🤖 AI Summary
This study investigates how native language background influences the difficulty of learning English vocabulary, focusing on speakers of Spanish, German, and Chinese. By constructing a gradient boosting model that integrates features such as word frequency, semantic properties, surface form characteristics, and cross-linguistic transfer effects—and employing Shapley values for interpretability—the research provides the first systematic quantification of native-language-specific transfer effects on English lexical difficulty. The findings reveal that native Chinese speakers exhibit a distinct transfer pattern due to the absence of orthographic similarity with English. The proposed approach enables the generation of interpretable, native-language-tailored vocabulary difficulty estimates, offering robust support for personalized vocabulary instruction.
📝 Abstract
What makes a word difficult to learn, and how does the difficulty depend on the learner's native language? We computationally model vocabulary difficulty for English learners whose first language is Spanish, German, or Chinese with gradient-boosted models trained on features related to a word's familiarity (e.g., frequency), meaning, surface form, and cross-linguistic transfer.

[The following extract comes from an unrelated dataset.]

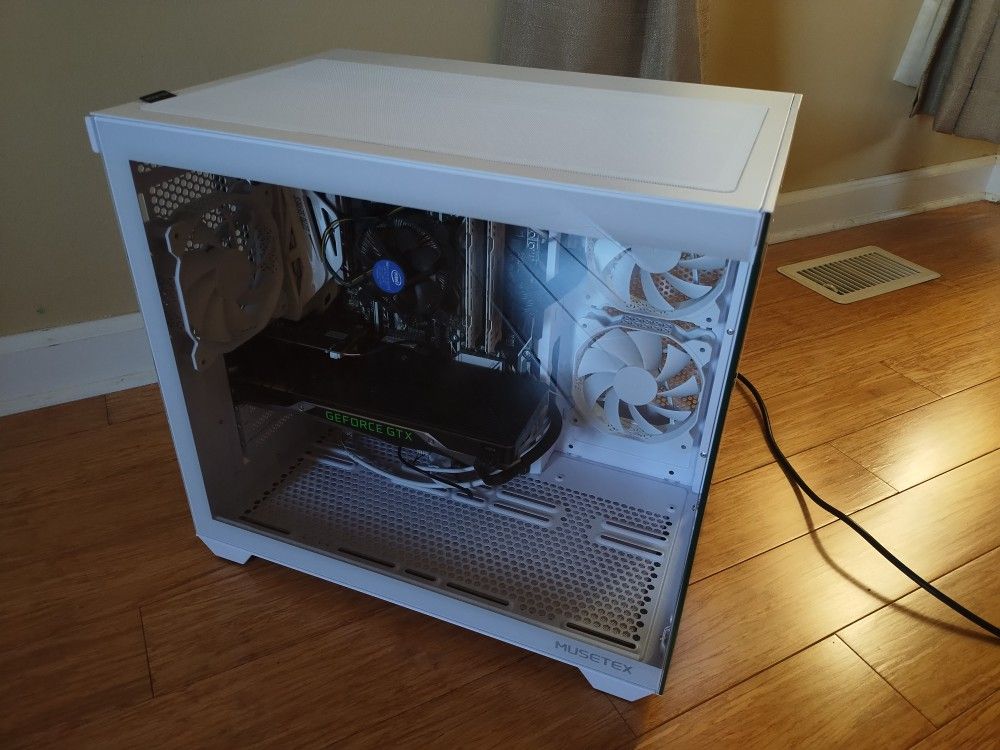 PC, 8GB Ram, 3TB Storage, Intel 3.3 GHz, GTX 1070 FE, ASUS MoBo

Using Shapley values, we determine the importance of each feature group. Word familiarity is the dominant feature group shared by all three languages. However, predictions for Spanish- and German-speaking learners rely additionally on orthographic transfer. This transfer mechanism is unavailable to Chinese learners, whose difficulty is shaped by a combination of familiarity and surface features alone. Our models provide interpretable, L1-tailored difficulty estimates that can be used to design vocabulary curricula.